Compassionately directed by Mary Ann Rodgers, the playfully perfect cast—Eric Burke (charmingly wounded as the writer wrestling with his family's demons), T. Louis Weltz as the dad, Beth Deitchman as the sister and Christine Macomber as the increasingly tipsy mom—hit all the right notes, tickling funny-bones and breaking hearts, often in the very same breath. I knew when I saw it that this would be the play to beat all year, and while my No. 2 pick came within an Irishman's whisker of doing that, RVP's The Cocktail Hour remains my most treasured and memorable theatrical experience of the year.
2. 'The Seafarer' Connor McPherson's Faustian holiday fable The Seafarer, which just ended a held-over run at Mill Valley's Marin Theater Company, is similar to The Cocktail Hour in that it deals with a man returning home with a desire to stay sober, while all around him, the people he knows and loves are getting plastered. What is different is the setting, a small coastal town in Ireland, and the fact that when Sharky (Andy Murray) wrestles with his demons, they appear in the form of the Big Demon himself, Lucifer, aka Mr. Lockhart (a superb Robert Sicular). Masterfully directed by Jasson Minadakis, this Christmas Eve card game for the possession of Sharky's soul was both hilarious and fundamentally heart-stirring.
3. 'Boston Marriage' Another cordially caustic show that opened early in the year and made a lasting impression was Sixth Street Playhouse's wickedly screwball production of David Mamet's Boston Marriage, cleverly directed by Sheri Lee Miller. (This is a strong year for Miller; see below.) Featuring Danielle Cain and Bronwen Shears as longtime lovers trying to make ends meet in turn-of-the-century Boston, with Anna Tess Coughlin as Anna's wise but not-too-bright Scottish maid, this was both a send-up of social mores and (ultimately) a believable love story, its lesbian-powered homage to the parlor comedies of Oscar Wilde joyously, jubilantly entertaining.
4. 'Transformations' Conrad Susa's experimental 1960s opera Transformations, adapted from the book of the same name by Pulitzer Prize&–winning poet Anne Sexton, is almost never performed, so Cinnabar's fall production of the show, based on Sexton's personal reimagining of several Grimm's fairy tales, was welcome, if only for the opportunity to catch a glimpse of this dark, psychologically challenging work.

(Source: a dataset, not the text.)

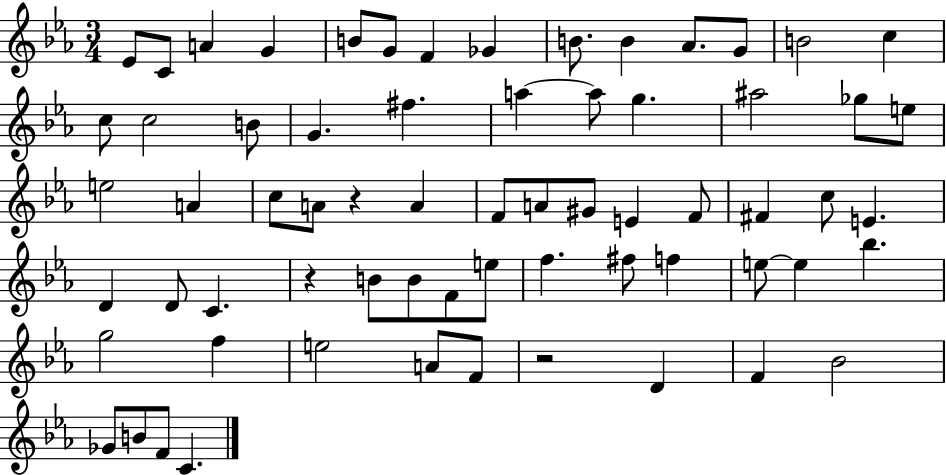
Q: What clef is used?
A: treble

In the hands of director Elly Lichenstein and musical director Nina Shuman, this fantasia on themes of madness, abuse, murder and cannibalism was not just an interesting museum piece, it was riveting and unpredictable, truly transformative theater.

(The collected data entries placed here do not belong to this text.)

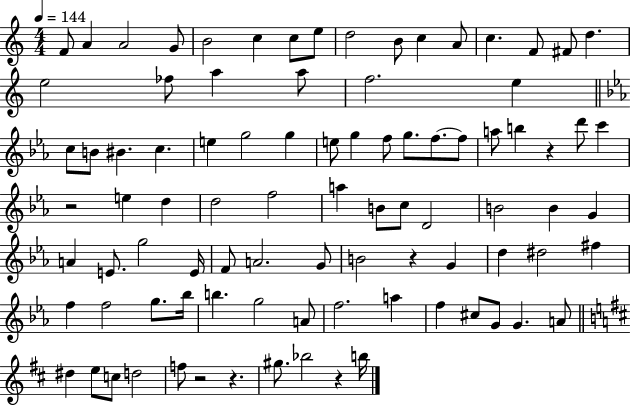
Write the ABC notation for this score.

X:1
T:Untitled
M:4/4
L:1/4
K:C
F/2 A A2 G/2 B2 c c/2 e/2 d2 B/2 c A/2 c F/2 ^F/2 d e2 _f/2 a a/2 f2 e c/2 B/2 ^B c e g2 g e/2 g f/2 g/2 f/2 f/2 a/2 b z d'/2 c' z2 e d d2 f2 a B/2 c/2 D2 B2 B G A E/2 g2 E/4 F/2 A2 G/2 B2 z G d ^d2 ^f f f2 g/2 _b/4 b g2 A/2 f2 a f ^c/2 G/2 G A/2 ^d e/2 c/2 d2 f/2 z2 z ^g/2 _b2 z b/4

5. 'On the Road' Based on Jack Kerouac's counterculture epic, On the Road was one of the biggest surprises of the year, featuring a trio of powerhouse performances. Ryan Schmidt played Kerouac stand-in Sal Paradise, Miyaka Cochrane was the Ginsberg-esque holy man Carlo Marx, and the usually sedate Ben Stowe turned in an expectation-shattering, stage-burning explosion as the hedonistic beatnik wildman Dean Moriarty. Directed for the Sebastopol Shakespeare Festival's outdoor stage by Sonoma County Rep's Scott Phillips, this fun, frisky, poetry-packed show was, to borrow words from Carlo Marx, "Crazy, cock-eyed and extremely strange."
6. 'True West' Actor Eric Burke (who appeared in four of the shows mentioned on this list, including Cocktail Hour, On the Road and Death of a Salesman, below), formed Double E Productions with fellow thespian Ed McCloud just so they could appear together in a production of Sam Shepard's True West. With director David Lear at the helm, the self-financed effort played three weeks at Spreckels Center for the Arts, playing to small but stunned audiences who knew they were watching one of the finest demonstrations of no-holds-barred acting in the North Bay. There are rumors afoot that this show will be reprised with the same cast and director at a local theater in 2009. May those rumors be true!
7. 'Death of a Salesman' Sixth Street Playhouse lured Los Angeles actor Daniel Benzali to Santa Rosa to play the lead role in Arthur Miller's bleak drama about a deteriorating salesman in the 1950s. What was so amazing about the production, directed by Sheri Lee Miller (of Boston Marriage), was not that Benzali was so good, but that the rest of the cast, a who's-who of North Bay actors, some professional, some not, were every bit as riveting.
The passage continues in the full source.